Ristoranti, i pasti fuori casa calano del 2,5%

Con la crisi gli italiani hanno tirato la cighia e a farne le spese è stata anche la ristorazione. I consumi alimentari fuori casa sono calati di 2,5 punti percentuali (piu' del previsto) per un valore di circa 1,4 miliardi di euro al netto dell'inflazione. Una perdita che equivale al fatturato aggregato di piu' di ottomila imprese ma le aziende che hanno realmente cessato l'attivita' sono state, nel 2009, oltre 22mila, ben piu' di quelle che, al contrario, l'attivita' l'hanno avviata (il saldo negativo ammonta a circa 2.000 unita'). In termini occupazionali il settore ha perso 16.200 posti di lavoro, piu' dell'industria dei trasporti o di quella tessile.

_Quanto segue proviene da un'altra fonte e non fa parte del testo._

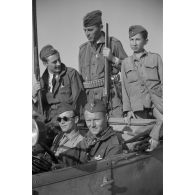 Portrait de groupe de membres du 9e groupe de chasse roumain dans une voiture et armés de fusils de chasse.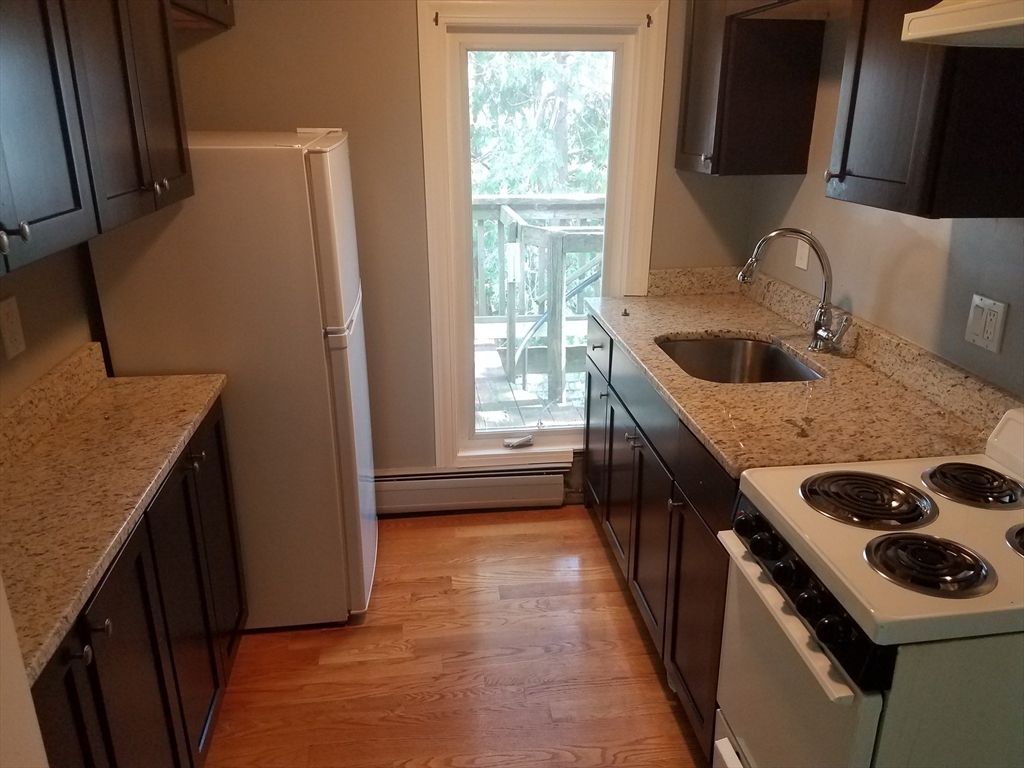 a kitchen with a sink stove and refrigerator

A lanciare l'allarme è la Fipe che parla di un dato "storico" per i pubblici esercizi in Italia, soprattutto se si considera che sono sempre piu' numerose le attivita' di ristorazione rilevate da imprenditori che non sempre vantano le stesse storiche caratteristiche professionali (nelle grandi aree urbane quasi una nuova impresa su due ha un titolare straniero). Da qui, il rischio di veder cambiare profondamente le caratteristiche del modello di offerta sia in termini di prodotto/servizio che di qualita'.


La perdita dell'occupazione si concentra quasi totalmente tra i lavoratori indipendenti (-13.500 unita'), mentre la flessione del lavoro dipendente e' stata contenuta in circa 2.700 unita'. Il 2009 interrompe quindi, secondo la federazione, una striscia positiva di incrementi occupazionali che durava dal 1999. L'esaurimento della capacita' della ristorazione, ma piu' in generale dell'intero terziario di mercato, di creare nuovi posti di lavoro, magari anche assorbendo lavoratori espulsi da altri settori di attivita', costituisce una seria ipoteca sulle prospettive di tenuta e crescita dei livelli occupazionali del Paese. Il valore aggiunto di settore e' diminuito dell'1,2%, una perdita di 340 milioni di euro e continua la serie negativa della produttivita' con una flessione di mezzo punto percentuale. "Queste perdite di professionalita' - ha osservato il presidente della Fipe, Lino Stoppani - sono un danno per chi vive personalmente questo trauma, ma anche un danno per tutta la collettivita'. Esiste il serio rischio - ha aggiunto - che il settore subisca una de-qualificazione inquietante, perche' spesso questi nuovi ingressi hanno una minore professionalita' di chi esce dal settore". Se si guarda poi ai consumi in generale, secondo la Fipe, la sforbiciata delle famiglie vale 14 miliardi di euro, al netto dell'inflazione. I settori piu' colpiti sono l'arredamento, l'alimentare e l'abbigliamento. Perdite pesanti si sono registrate anche nelle spese per attivita' ricreative e culturali (-1,7 miliardi di euro) e per alberghi e pubblici esercizi (- 2 miliardi di euro). Se il livello generale dei consumi e' tornato indietro di 4-5 anni, arretramenti piu' consistenti si sono avuti per alcune funzioni di spesa. Nei consumi alimentari l'Italia e' tornata ai livelli di dieci anni fa, mentre su abbigliamento/calzature e arredamento il salto all'indietro e' addirittura di 15 anni (1995). La spesa per giornali e libri e' tornata invece ai livelli del 1982.

Guadagnano terreno solo le cosiddette spese obbligate (abitazione e sanita') e quelle per i trasporti trainate dall'effetto incentivi. La crescita della spesa per l'istruzione va invece interpretata positivamente come misura della volonta' delle famiglie di non rinunciare ad investire sul futuro dei propri figli.